From the first line of the entries through the line containing "Smartec STC-IPM3095A user manual", output everything exactly except the pictures.

——

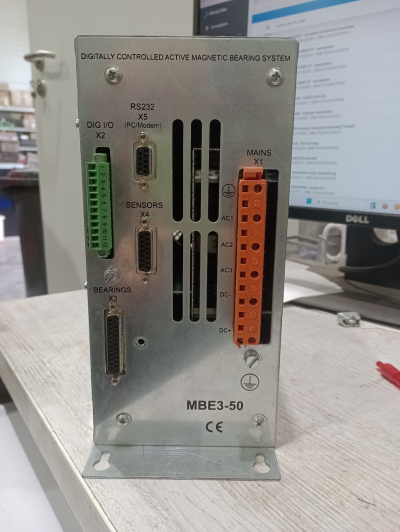Mecos MBE3-50 - Magnetic Drive Inverter
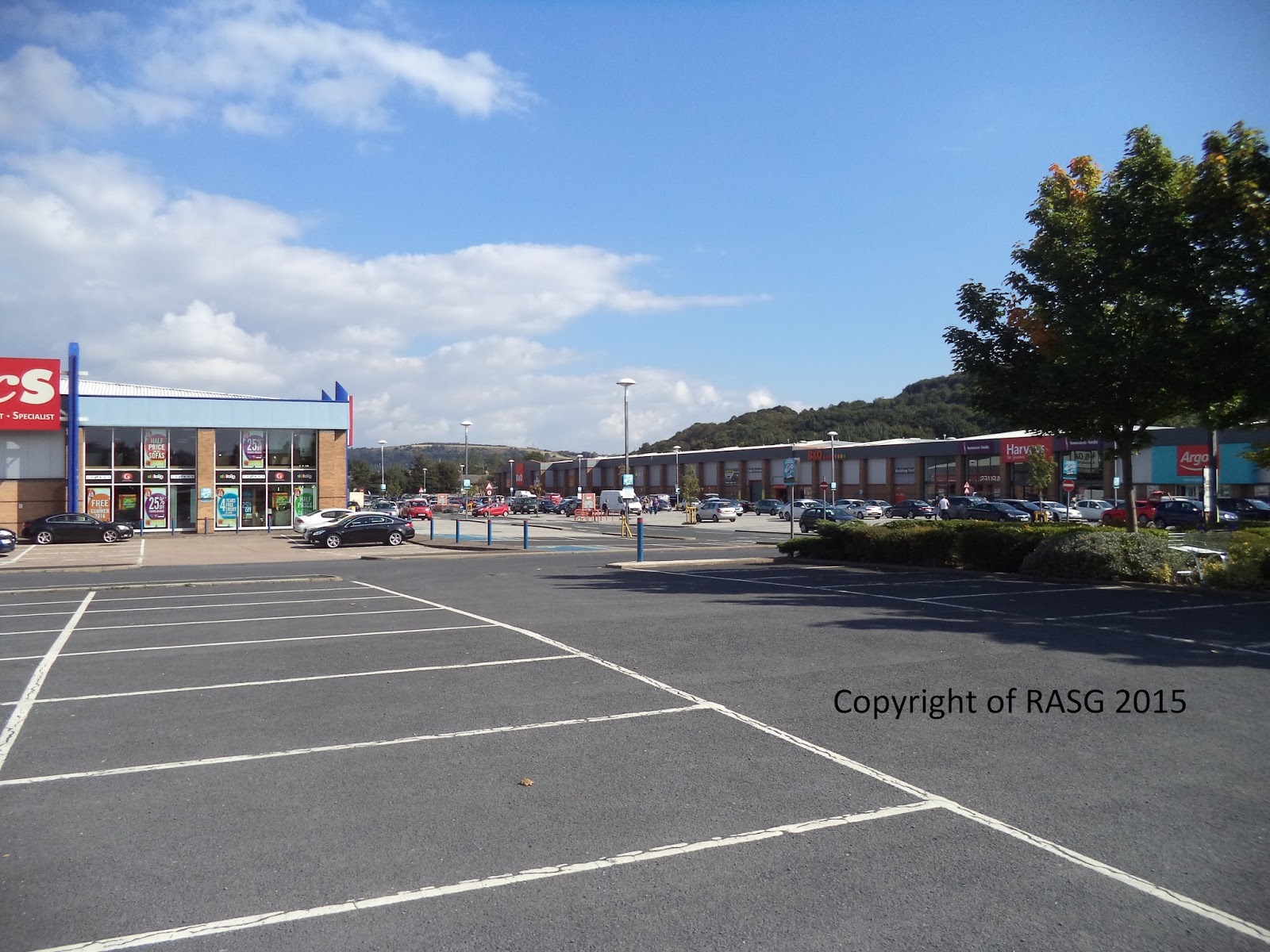 Huddersfield Town (Old Leeds Road)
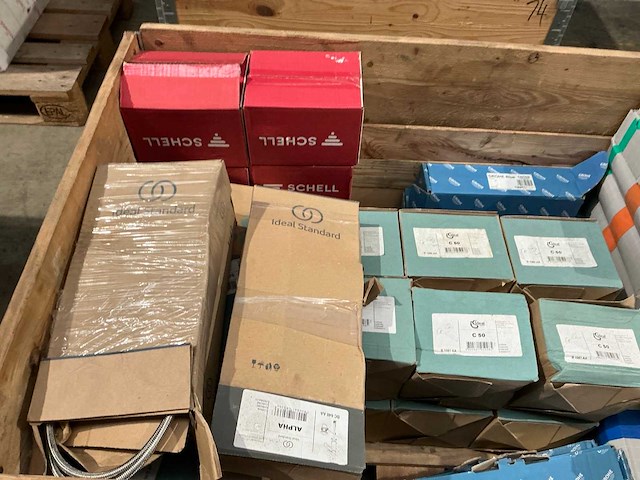 Partij diverse sanitairkranen - afbeelding 4 van  4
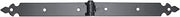 IMEX EL ZORRO 74048 - Double Blade Hinge 600 x 40 M/M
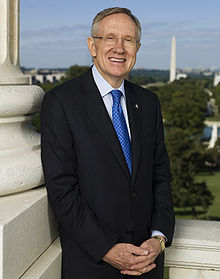 Former Senate Majority Leader Harry Mason Reid Jr., 1939 – 2021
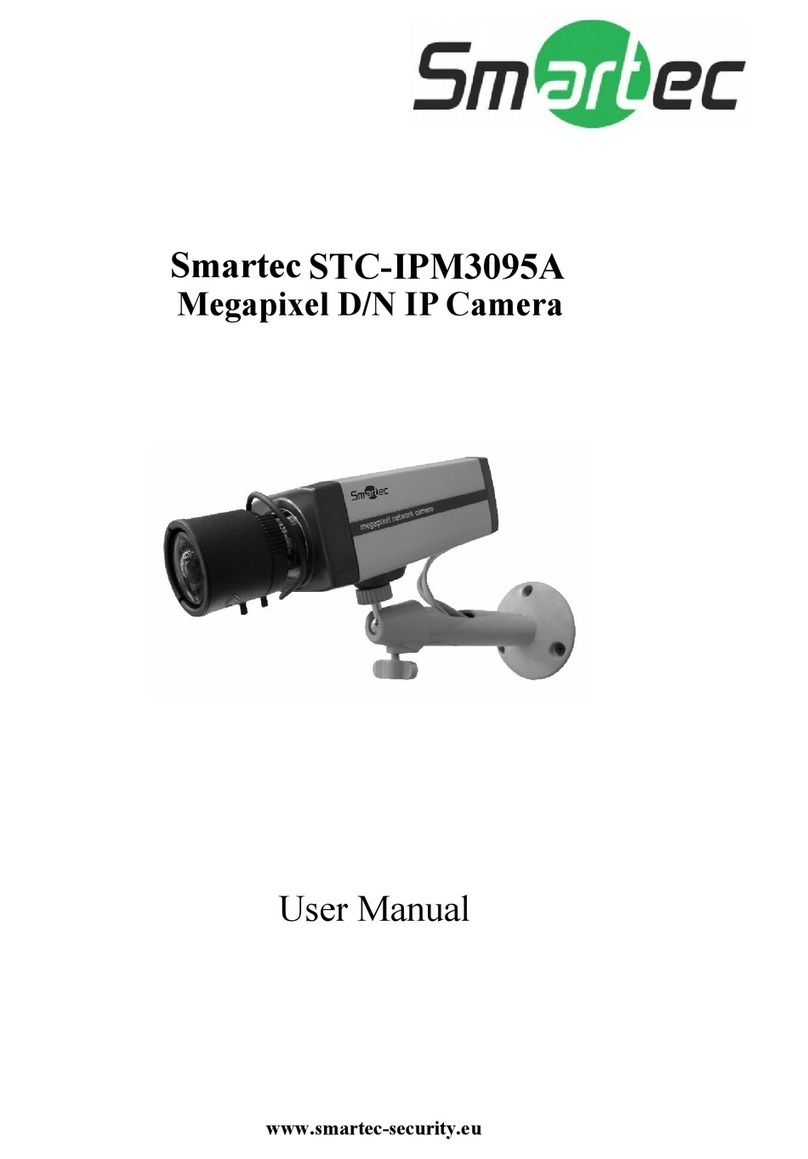 Smartec STC-IPM3095A user manual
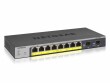 NETGEAR 8 Port PoE+ Switch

——

TASK RESULT:
Mecos MBE3-50 - Magnetic Drive Inverter
 Huddersfield Town (Old Leeds Road)
 Partij diverse sanitairkranen - afbeelding 4 van  4
 IMEX EL ZORRO 74048 - Double Blade Hinge 600 x 40 M/M
 Former Senate Majority Leader Harry Mason Reid Jr., 1939 – 2021
 Smartec STC-IPM3095A user manual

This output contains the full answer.